Padahal dalam manajemen modern, kitapun mengenal Primer dan Sekunder. Mana yang harus dilakukan dahulu, dan mana yang dilakukan menyusul nan dahulu. Kegamangan ummat dalam menimbang yang Wajib dan yang Sunah inilah, yang telah membuat ummat ini terus menambah permasalahannya; karena tidak memahami prioritas, karena kewajiban tak kunjung terselesaikan sementara energi telah terkuras untuk amalan sunah yang berlebihan.

Solusinya sederhana, yang wajib tidak lebih banyak dari yang sunah, maka selesaikan yang wajib segera mungkin.

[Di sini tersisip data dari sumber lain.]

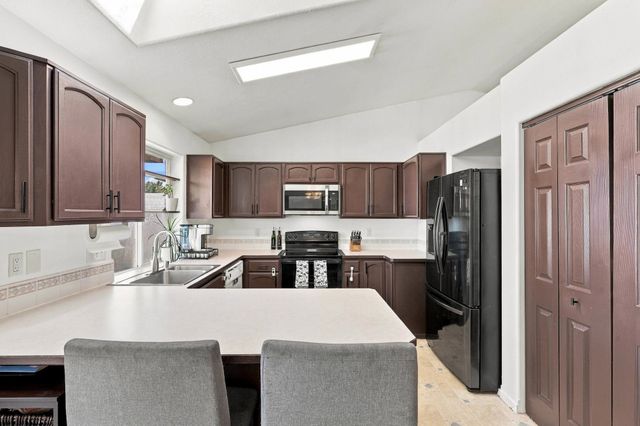 1413 E Clover St, Spokane, WA 99217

Yang sunah pun tuntunannya sederhana, maka tidak perlu berimprovisasi yang semakin mempersulit amalan sunah.

Kelima adalah Fardhiyah

Bila titik-titik sebelumnya terkait amalan, maka titik kelima ini adalah terkait pelaksanaan amalan; yaitu permasalahan Fardhiyah (Individual). Bahwa pelaksanaan amalan secara individual telah berlangsung secara berlebih-lebihan. Sehingga hanya meningkatkan kualitas hubungan dengan Khaliq, namun menurunkan kualitas hubungan dengan makhluq. Maka, tidak heran bila kehidupan ummat menjadi bermasalah. Sebab intensitas sosialnya bermasalah, sedangkan ummat adalah komunitas sosial.

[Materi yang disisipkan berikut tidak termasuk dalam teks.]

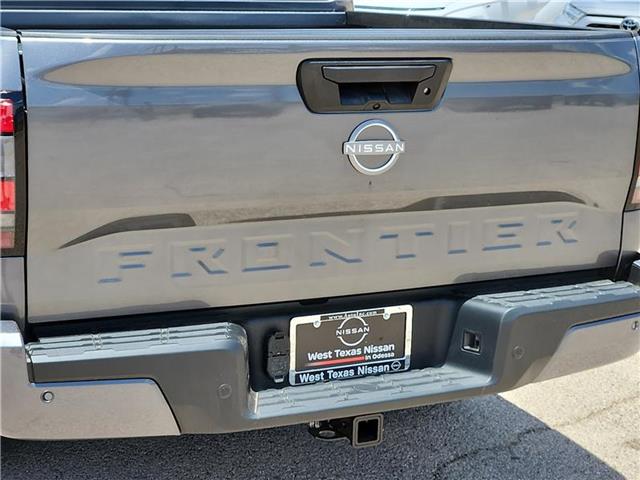 new 2025 Nissan Frontier car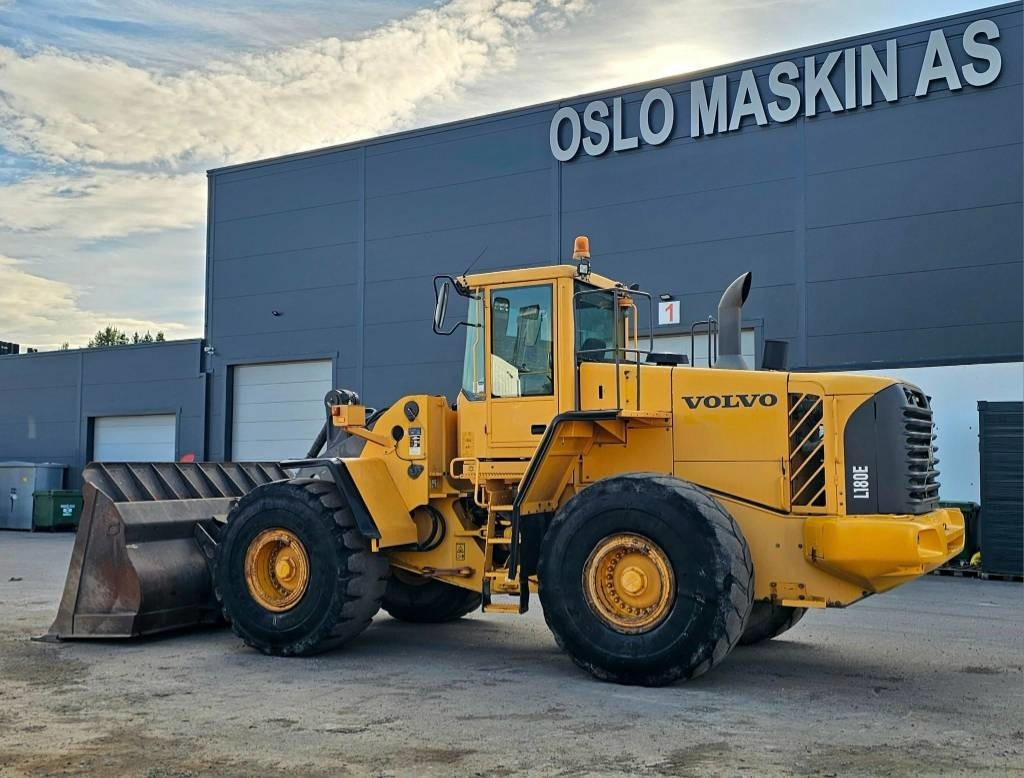 Volvo L 180 E - Kolesový nakladač: obrázok 4 Volvo L 180 E - Kolesový nakladač: obrázok 4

Sebagian kita bermasyuk dengan wirid-wiridnya, bahkan semakin ekstrim mengunci diri dalam mihrab peribadatannya. Maka tak ada lagi tradisi amal berjamaah. Maka tak ada lagi musyawarah guna memecahkan masalah. Maka yang tumbuh hanya ego diri masing-masing.

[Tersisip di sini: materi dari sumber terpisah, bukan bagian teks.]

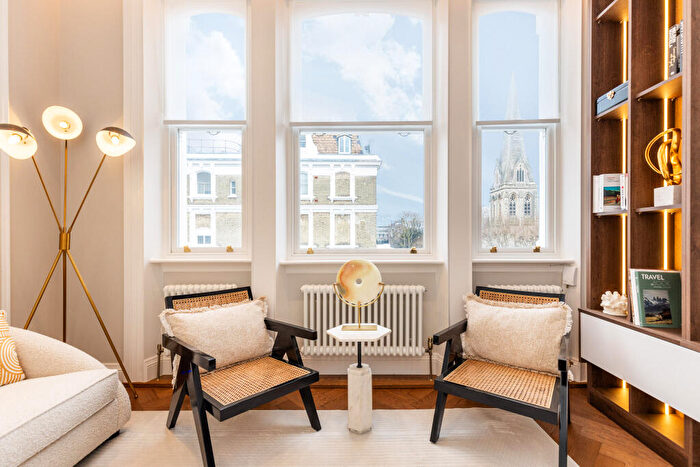 2 Bedroom Apartment For Sale In Redcliffe Square, London, SW10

Mencari aman dan mencari selamat; itulah yang mungkin melandasi semua sikapnya. Sehingga solusinya adalah mencukupkan ibadah-ibadah fardhiyah saat kita memang sedang sendiri. Sementara bila tiba saatnya kehidupan bergerak menginteraksikan setiap diri kita, maka saatnya ibadah kita masuk pada tataran berjamaah hingga menjadi rahmat bagi sekitar.

Keenam adalah Furu’

Titik keenam ini terkait dengan interaksi sosial. Bahwa permasalahan ummat ini salah satu pemicunya adalah pada titik ini; yaitu persoalan Furu’ (Cabang). Ketika hal-hal yang notabenenya sebagai cabang -sehingga memiliki banyak pendapat- lebih dianggap penting daripada hal-hal yang ushul (pokok), atau ketika hal-hal cabang ini dipertentangkan dengan hal-hal yang pokok. Padahal kedua hal ini tidak selaras, dan merupakan dua hal yang sesungguhnya berbeda.

Kita bisa mendapati bagaimana hiruk-pikuk dengan ragam atribut, namun tak kunjung menyelesaikan permasalahan ummat dengan sepenuh hikmat. Kita dapati bagaimana ributnya terkait sarana-sarana, sementara lupa dengan tujuannya. Kita juga dapati bagaimana mati-matiannya membela wacana dan pendapat, namun tidak juga tertarik mendalami al Qur’an dan Hadits.

Persoalan inilah yang akhirnya mengaburkan fokus ummat, dan ketidak-fokusan ummat telah menghantarkannya pada beragam permasalahan. Maka solusinya sederhana, kembalikan fokus ummat pada perkara-perkara pokok. Dan bilapun kita punya konsen pada perkara-perkara cabang, maka jangan sampai menghilangkan substansi pokoknya.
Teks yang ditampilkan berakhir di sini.